Railway tunnel in Turkey

The Nurdağı Tunnel (Nurdağı Tüneli) is a 9950 m long twin-tube railway tunnel, currently under construction in southern Turkey. Passing through the Nur Mountains, near the east end of the Amanian Gate, it will carry passenger and freight trains along with high-speed trains, as part of the Mersin-Adana-Gaziantep high-speed railway. Upon completion, it will become the longest railway tunnel in Turkey, surpassing the 5473 m long Deliktaş Tunnel in Sivas.

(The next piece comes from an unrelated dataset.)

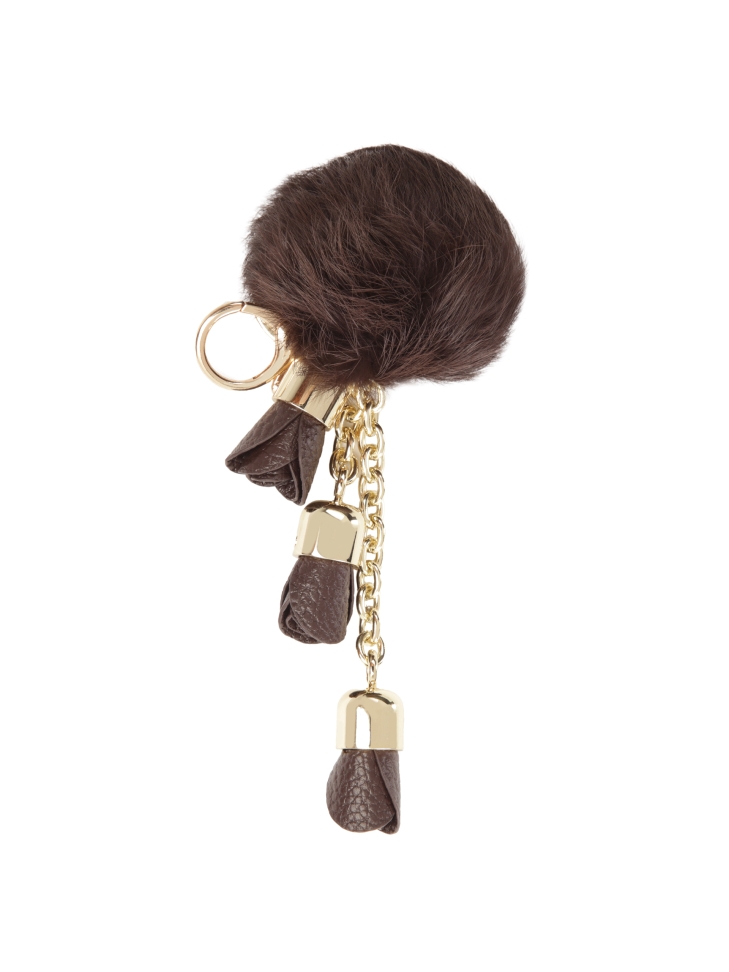 Brown key ring with pom-pom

The Nurdağı Tunnel will also relive a cumbersome bottleneck caused by the original alignment of the Baghdad Railway. Trains passing through the Nur Mountains use the Ayran Tunnel to Fevzipaşa, where the junction with the Fevzipaşa-Kurtalan railway is. However the alignment of the tracks only allows access from the south; meaning trains must stop at Fevzipaşa and the locomotive must reverse directions before continuing north through the junction. Since the construction of a wye or loop is not possible, due to the steep terrain, the maneuvers at Fevzipaşa greatly hamper transit times on Turkey's busiest freight corridor. The Nurdağı Tunnel will bypass Fevzipaşa altogether, with a direct route from Bahçe, on the Adana-Aleppo railway, to Nurdağı, on the Fevzipaşa-Kurtalan railway. Due to this bypass, the tunnel has also been named the Fevzipaşa bypass (Fevzipaşa varyantı). The entire length of the bypass (including the tunnel) is about 17 km.